The only way to “get back to a more loving, sensitive and productive society” is to recognize every group “woven into the fabric” of Chicago, Onesti said.
“We, the Italian-American community of Chicago, so desperately want to be a part of that healing process,” he said.
Ald. Patrick Daley Thompson (11th) said he is proud to join Sposato in co-sponsoring the resolution.
“It’s not only the festivals. It’s not only the music and the meatballs. We also have Dr. Fermi, Mother Cabrini. So many other Italians that have contributed to society here,” Thompson said.
“As the great-grandson of Italian immigrants who came here from Capistrano, Italy, I’m very proud. I know Grandma … would be very proud of me to be sponsoring this.”
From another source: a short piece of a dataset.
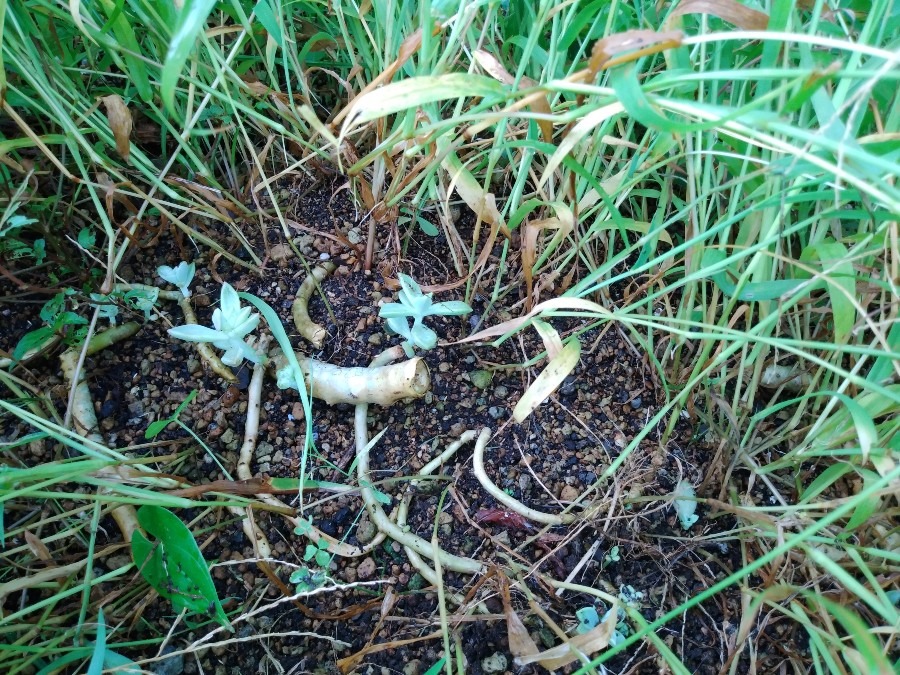 お庭の除草作業😄❗　まさか🌱😨❗②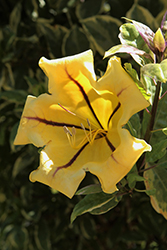 Variegated Cup of Gold Vine (Solandra maxima 'Variegata') at Lakeshore Garden Centres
Last summer, Lightfoot ordered two statues of Christopher Columbus “temporarily” removed in the middle of the night based on information that something bad was about to happen.
At the same time, the mayor argued, statues of Columbus in Grant and Arrigo Parks that had been vandalized repeatedly since the death of George Floyd should not be torn down, but rather used to confront the nation’s history and trigger a “reckoning” that’s long-overdue.
City Hall then launched the Monuments Project, and created an advisory committee to conduct a comprehensive review of more than 500 Chicago statues and monuments, with an eye toward identifying those that were offensive, problematic or not representative of city’s values of equity and justice.
To the chagrin of Onesti and other Italian-American civic leaders, the Columbus statutes have yet to be returned to their pedestals.